Joe McManners Joe McManners

Everyone Out! Is Industrial action for GPs back on the cards?

It all begins with an idea.

At this point, the dispute between the BMA and the government feels both baffling and inevitable. For those of us still trying to do right by the patient in front of us, it’s a depressing reminder of how fragile — and how essential — general practice has become.

There is no serious disagreement that the conditions and resources in primary care have deteriorated dramatically over the past decade. GP numbers have fallen despite a growing, ageing population with more complexity, frailty and multimorbidity. According to NHS Digital’s General Practice Workforce series, the number of fully-qualified, permanent GPs has declined steadily since 2015 even as demand has risen.¹

Inevitably, this has led to rising public dissatisfaction (ask any MP what fills their inbox) and a healthcare system pushed ever closer to crisis by avoidable hospital activity. This situation benefits no one. The decline of primary care is a lose-lose-lose for GPs, politicians and — above all — patients.
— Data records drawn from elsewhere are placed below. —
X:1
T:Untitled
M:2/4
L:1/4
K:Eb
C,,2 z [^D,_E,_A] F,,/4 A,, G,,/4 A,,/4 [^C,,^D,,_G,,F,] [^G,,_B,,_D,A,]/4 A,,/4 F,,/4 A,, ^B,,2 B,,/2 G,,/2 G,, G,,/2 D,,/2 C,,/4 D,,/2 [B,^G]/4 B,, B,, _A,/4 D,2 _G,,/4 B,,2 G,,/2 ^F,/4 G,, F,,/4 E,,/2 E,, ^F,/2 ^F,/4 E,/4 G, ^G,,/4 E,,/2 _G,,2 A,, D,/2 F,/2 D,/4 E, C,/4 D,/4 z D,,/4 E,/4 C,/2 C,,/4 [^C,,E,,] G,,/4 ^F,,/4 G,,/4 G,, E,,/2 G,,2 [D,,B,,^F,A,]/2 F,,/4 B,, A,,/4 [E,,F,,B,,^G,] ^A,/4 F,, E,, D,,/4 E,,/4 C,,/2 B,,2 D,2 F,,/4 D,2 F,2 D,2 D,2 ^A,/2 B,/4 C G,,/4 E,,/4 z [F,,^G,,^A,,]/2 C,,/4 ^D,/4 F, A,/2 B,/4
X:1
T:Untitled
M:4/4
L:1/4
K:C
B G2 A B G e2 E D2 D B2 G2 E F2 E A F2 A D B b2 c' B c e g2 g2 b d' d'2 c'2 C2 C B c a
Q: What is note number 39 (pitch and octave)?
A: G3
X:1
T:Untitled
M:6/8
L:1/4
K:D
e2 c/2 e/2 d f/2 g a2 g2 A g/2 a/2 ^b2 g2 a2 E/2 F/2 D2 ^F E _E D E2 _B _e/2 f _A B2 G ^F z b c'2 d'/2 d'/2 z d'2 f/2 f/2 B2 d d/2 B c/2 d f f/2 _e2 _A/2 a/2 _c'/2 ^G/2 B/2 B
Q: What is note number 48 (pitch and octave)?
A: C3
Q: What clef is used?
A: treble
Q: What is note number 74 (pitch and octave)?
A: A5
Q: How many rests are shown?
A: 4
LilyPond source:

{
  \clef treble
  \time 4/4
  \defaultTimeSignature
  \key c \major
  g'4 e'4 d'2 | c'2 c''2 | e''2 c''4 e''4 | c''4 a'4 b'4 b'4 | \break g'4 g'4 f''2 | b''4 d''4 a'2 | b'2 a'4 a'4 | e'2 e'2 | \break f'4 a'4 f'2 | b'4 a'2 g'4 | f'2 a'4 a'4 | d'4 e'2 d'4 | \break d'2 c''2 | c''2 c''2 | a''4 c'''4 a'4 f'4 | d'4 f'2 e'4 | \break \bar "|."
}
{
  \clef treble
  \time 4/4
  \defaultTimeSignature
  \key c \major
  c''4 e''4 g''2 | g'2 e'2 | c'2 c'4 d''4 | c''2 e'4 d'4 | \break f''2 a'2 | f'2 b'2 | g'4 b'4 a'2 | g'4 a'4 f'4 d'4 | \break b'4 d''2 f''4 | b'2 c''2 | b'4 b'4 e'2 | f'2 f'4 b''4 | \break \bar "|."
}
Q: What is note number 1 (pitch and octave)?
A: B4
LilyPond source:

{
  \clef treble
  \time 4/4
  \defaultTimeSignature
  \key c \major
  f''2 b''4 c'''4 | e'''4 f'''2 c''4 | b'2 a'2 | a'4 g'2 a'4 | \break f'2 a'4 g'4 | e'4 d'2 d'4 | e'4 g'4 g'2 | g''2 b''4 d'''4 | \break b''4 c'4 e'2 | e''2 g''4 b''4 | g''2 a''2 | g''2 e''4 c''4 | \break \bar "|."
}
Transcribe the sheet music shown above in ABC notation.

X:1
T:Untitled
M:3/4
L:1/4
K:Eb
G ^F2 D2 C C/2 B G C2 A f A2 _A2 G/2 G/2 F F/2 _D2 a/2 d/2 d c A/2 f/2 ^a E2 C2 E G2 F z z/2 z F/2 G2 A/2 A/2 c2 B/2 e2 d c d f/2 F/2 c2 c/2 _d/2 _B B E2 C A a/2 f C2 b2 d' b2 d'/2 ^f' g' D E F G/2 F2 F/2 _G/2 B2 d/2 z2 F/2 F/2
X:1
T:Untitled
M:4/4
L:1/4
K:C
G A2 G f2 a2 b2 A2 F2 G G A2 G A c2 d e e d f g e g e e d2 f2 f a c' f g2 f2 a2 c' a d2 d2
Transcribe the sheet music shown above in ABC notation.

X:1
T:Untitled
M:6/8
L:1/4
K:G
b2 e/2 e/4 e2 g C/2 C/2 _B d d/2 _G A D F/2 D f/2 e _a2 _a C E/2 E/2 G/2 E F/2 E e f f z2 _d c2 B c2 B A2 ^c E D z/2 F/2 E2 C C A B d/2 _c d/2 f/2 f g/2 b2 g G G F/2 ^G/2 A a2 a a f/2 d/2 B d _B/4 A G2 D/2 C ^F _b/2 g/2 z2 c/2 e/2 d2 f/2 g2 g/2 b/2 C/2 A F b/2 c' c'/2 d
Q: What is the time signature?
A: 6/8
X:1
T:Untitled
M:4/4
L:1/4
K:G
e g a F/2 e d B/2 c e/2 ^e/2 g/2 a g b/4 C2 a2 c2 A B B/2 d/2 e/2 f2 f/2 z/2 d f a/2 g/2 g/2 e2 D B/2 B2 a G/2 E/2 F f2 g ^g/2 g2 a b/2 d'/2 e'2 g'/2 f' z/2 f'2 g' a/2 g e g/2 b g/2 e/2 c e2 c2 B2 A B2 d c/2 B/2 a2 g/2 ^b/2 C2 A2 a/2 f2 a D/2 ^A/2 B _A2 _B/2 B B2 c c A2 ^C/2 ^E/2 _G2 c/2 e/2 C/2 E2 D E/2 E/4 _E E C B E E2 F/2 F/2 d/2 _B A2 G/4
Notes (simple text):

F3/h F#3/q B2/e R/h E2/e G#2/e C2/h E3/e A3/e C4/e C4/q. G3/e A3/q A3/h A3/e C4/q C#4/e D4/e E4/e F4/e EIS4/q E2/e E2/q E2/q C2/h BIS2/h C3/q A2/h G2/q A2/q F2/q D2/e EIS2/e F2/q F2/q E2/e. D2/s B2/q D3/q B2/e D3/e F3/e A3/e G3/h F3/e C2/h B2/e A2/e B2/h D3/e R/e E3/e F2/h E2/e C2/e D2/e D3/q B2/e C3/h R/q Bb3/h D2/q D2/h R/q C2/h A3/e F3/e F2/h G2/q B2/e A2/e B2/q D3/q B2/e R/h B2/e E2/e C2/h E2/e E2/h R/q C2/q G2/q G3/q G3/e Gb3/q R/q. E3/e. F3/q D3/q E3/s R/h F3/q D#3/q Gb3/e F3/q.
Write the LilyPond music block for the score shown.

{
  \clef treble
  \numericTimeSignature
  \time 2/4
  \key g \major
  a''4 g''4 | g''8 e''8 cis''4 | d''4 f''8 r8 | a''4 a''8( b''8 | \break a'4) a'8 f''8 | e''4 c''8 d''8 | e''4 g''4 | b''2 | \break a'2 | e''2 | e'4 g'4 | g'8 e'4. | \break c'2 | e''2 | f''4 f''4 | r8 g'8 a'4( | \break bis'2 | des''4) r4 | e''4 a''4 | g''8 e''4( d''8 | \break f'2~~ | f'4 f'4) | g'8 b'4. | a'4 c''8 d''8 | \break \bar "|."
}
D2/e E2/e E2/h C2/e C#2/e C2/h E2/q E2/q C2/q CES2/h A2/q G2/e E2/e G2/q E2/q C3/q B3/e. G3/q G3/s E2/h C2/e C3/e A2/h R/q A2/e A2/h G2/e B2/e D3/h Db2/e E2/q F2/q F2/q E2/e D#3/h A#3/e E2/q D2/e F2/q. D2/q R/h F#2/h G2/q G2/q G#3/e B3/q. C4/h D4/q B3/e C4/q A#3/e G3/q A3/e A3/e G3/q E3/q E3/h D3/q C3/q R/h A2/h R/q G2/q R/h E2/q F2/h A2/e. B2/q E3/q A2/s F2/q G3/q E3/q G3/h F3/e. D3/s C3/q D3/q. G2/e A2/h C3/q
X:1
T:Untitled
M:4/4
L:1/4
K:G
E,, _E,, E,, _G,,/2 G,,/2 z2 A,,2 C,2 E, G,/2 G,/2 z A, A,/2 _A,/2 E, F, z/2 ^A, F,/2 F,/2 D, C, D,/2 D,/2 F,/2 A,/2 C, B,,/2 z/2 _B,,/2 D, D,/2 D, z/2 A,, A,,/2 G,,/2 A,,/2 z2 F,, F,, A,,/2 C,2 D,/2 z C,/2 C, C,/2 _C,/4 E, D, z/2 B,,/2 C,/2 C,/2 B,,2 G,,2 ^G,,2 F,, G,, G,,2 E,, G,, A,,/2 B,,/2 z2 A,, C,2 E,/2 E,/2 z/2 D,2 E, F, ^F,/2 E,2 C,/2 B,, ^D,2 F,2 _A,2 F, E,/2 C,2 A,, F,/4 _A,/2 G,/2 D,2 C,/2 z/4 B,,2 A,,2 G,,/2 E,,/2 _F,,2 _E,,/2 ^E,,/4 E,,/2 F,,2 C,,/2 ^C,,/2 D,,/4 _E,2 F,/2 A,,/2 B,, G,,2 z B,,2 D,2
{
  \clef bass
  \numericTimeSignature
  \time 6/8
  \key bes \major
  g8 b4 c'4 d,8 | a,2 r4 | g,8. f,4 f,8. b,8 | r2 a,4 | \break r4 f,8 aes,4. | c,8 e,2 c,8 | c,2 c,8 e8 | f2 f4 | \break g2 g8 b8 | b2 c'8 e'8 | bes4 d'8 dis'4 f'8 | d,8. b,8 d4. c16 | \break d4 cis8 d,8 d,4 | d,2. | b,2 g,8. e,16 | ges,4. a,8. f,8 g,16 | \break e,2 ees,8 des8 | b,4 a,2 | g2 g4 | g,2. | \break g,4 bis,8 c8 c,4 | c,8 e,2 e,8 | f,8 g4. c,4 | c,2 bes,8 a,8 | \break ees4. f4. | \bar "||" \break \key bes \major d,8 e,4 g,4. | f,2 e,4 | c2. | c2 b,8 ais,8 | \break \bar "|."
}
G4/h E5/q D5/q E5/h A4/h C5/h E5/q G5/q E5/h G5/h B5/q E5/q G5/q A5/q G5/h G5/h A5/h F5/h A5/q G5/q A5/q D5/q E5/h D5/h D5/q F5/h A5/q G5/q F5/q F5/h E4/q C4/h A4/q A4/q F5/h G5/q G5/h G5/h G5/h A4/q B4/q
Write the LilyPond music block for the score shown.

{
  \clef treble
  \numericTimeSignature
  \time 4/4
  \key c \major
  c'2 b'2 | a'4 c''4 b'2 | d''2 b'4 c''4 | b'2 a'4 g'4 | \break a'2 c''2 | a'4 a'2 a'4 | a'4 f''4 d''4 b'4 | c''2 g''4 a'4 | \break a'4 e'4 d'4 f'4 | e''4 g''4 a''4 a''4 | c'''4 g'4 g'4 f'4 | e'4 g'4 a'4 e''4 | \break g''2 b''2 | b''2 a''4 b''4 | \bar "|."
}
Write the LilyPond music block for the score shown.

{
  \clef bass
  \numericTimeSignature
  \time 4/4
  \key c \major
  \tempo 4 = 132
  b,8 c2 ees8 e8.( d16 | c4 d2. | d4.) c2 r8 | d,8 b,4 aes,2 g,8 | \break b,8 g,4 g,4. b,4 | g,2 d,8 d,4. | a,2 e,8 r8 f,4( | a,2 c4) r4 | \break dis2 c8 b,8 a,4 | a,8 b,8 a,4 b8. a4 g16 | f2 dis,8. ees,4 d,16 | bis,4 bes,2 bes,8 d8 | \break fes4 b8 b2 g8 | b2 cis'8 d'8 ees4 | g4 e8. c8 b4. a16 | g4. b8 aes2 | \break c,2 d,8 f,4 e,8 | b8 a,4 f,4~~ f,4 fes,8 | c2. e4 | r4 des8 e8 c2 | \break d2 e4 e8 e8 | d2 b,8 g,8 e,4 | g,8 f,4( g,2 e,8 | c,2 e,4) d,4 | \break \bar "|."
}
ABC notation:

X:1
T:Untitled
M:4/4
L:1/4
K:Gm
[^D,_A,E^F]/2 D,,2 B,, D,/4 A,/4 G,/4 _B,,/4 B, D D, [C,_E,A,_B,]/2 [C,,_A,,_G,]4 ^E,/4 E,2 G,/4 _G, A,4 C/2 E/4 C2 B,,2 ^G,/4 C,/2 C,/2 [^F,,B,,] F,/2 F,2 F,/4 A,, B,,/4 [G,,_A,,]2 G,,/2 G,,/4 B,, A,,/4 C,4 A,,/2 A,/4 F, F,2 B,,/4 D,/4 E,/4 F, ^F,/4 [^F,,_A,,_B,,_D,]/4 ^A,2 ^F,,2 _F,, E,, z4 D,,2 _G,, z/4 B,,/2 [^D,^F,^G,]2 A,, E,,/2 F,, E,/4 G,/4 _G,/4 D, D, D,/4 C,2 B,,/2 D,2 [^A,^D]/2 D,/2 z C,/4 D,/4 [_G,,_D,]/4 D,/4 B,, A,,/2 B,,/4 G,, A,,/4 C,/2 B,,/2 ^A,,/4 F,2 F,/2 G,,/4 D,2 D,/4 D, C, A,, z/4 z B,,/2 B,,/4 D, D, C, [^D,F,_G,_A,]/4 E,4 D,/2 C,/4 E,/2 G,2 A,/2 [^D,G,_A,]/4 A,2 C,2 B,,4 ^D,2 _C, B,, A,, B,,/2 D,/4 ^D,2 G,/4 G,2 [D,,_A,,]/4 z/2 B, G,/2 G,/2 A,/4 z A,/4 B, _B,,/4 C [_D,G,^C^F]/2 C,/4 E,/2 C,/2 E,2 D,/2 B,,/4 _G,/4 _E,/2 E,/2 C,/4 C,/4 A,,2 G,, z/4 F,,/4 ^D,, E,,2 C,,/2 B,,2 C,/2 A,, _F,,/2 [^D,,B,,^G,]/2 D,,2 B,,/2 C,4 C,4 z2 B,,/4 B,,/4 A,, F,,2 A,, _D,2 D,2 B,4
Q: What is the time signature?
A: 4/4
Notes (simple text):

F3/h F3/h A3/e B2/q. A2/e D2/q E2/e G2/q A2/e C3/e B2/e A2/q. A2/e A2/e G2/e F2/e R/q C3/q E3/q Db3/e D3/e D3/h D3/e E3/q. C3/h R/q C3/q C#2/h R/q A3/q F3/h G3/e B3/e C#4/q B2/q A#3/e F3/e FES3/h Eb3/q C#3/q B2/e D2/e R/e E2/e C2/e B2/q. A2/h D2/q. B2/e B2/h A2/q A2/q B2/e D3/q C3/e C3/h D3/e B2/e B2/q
More Than a Contract Dispute

Although the current argument focuses on contract changes to open up online access, this is only the surface layer. Beneath it lies a deeper, structural problem: the simple fact that general practice no longer has the capacity, stability or resources to deliver the care the NHS claims to value.

If we want to avoid a conflict that ends in mutual destruction, we need to build something far more ambitious than another hurried negotiation. We need a new settlement for general practice — one that actually matches the scale of the crisis.

The Strange Reality: Everyone Wants the Same Thing

What’s especially striking is how aligned the core goals really are.

  • The government wants care shifted out of hospitals and improved access to GPs.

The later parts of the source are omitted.